Two patients had shown a “complete response,” meaning their tumours were non-measurable, while four had shown stabilisation of disease. Just one patient’s tumours had gotten worse.
“Phase 1 trials are generally designed to look for safety, tolerability and early response signals to determine the optimal dose for further development,” said Imugene managing director and chief executive Leslie Chong.
“I am encouraged that we are seeing positive signals at such an early stage of our PD1-Vaxx phase 1 trial.”
Clinical results suggest that the therapy is working as designed, with patients developing antibodies to the PD1 biomarker, a checkpoint protein that cancer cells use to hide from the body’s immune system.
For the third and final stage of the study, at least three cancer patients will receive 100 micrograms of PD1-Vaxx, double the dose of the previous cohort.
Elsewhere, Volpara Health Technologies (ASX:VHT) said it had received a US patent and Immutep (ASX:IMM) announced it had received a European one, while Medlab Clinical (ASX:MDC) said it would be getting a European patent soon.

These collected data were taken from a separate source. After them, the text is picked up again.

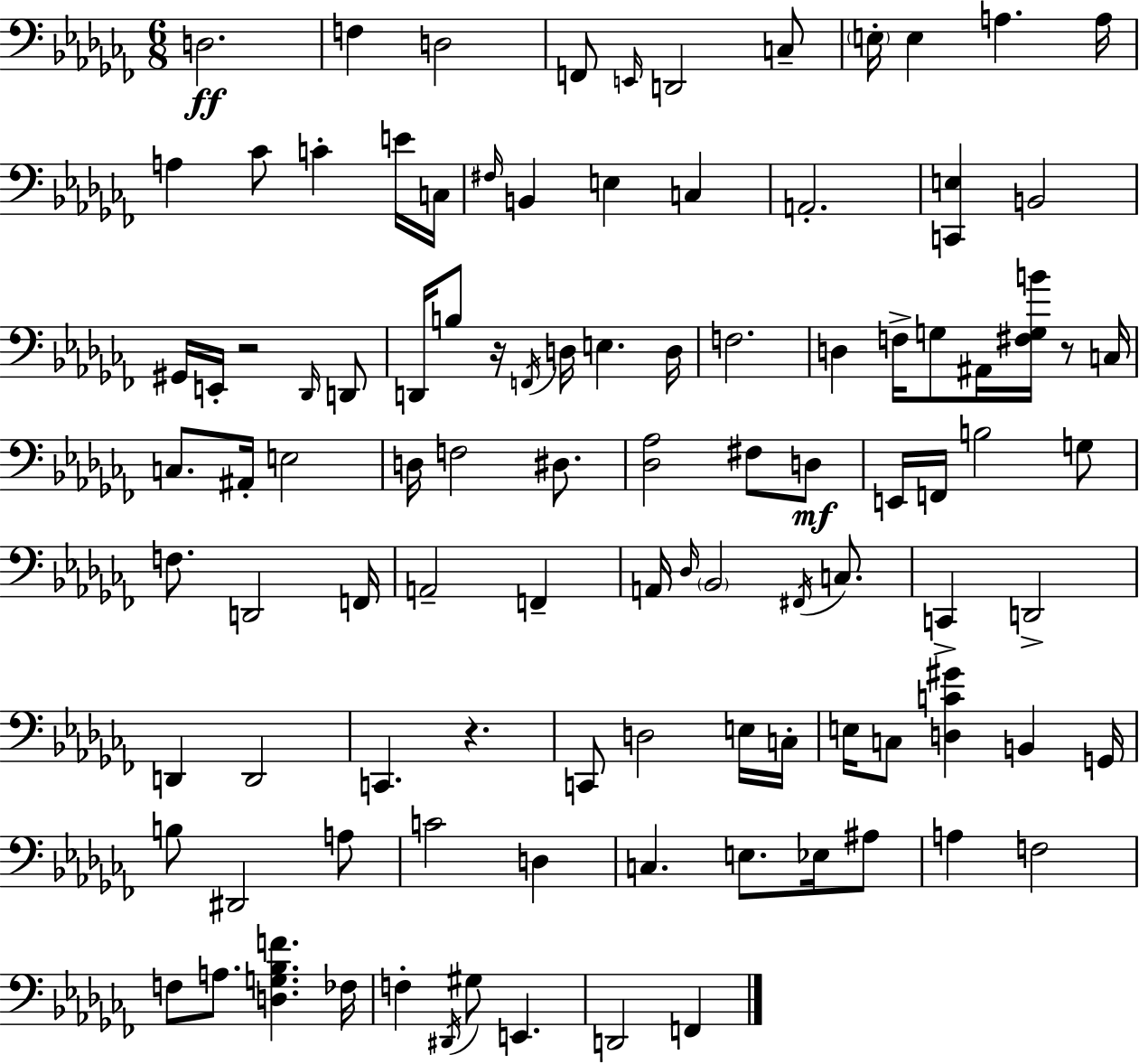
{
  \clef bass
  \numericTimeSignature
  \time 6/8
  \key aes \minor
  \repeat volta 2 { d2.\ff | f4 d2 | f,8 \grace { e,16 } d,2 c8-- | \parenthesize e16-. e4 a4. | \break a16 a4 ces'8 c'4-. e'16 | c16 \grace { fis16 } b,4 e4 c4 | a,2.-. | <c, e>4 b,2 | \break gis,16 e,16-. r2 | \grace { des,16 } d,8 d,16 b8 r16 \acciaccatura { f,16 } d16 e4. | d16 f2. | d4 f16-> g8 ais,16 | \break <fis g b'>16 r8 c16 c8. ais,16-. e2 | d16 f2 | dis8. <des aes>2 | fis8 d8\mf e,16 f,16 b2 | \break g8 f8. d,2 | f,16 a,2-- | f,4-- a,16 \grace { des16 } \parenthesize bes,2 | \acciaccatura { fis,16 } c8. c,4-> d,2-> | \break d,4 d,2 | c,4. | r4. c,8 d2 | e16 c16-. e16 c8 <d c' gis'>4 | \break b,4 g,16 b8 dis,2 | a8 c'2 | d4 c4. | e8. ees16 ais8 a4 f2 | \break f8 a8. <d g bes f'>4. | fes16 f4-. \acciaccatura { dis,16 } gis8 | e,4. d,2 | f,4 } \bar "|."
}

Volpara said its latest patent – its 96th – protects key features of its clinical system software, which helps clinicians monitor workflow efficiency and work quality while taking mammograms.
Immutep said its European patent covers a humanised form of an Immutep antibody that’s licensed to Novartis, in conjunction with a Novartis anti-PD1 antibody molecule that’s somewhat similar to Imugene’s. (Many companies are looking to build on the blockbuster success of PD1 inhibitors like Bristol Myers Squibb‘s Opdivo and Merck‘s Keytruda)
Lastly, Medlab said the European Patent Office had sent it a notice it intended to grant the company a patent for its NanoCelle sub-micron delivery platform. Medlab said that “NanoCelle creates nano-sized water-soluble particles … overcoming issues with solubility and degradation.”
At 11.53am, Imugene shares were up 11.5 per cent to 14.5c; Medlab was up 8.3 per cent to 26c; Volpara was up 3 per cent to $1.37; and Immutep was up 1.2 per cent to 43c.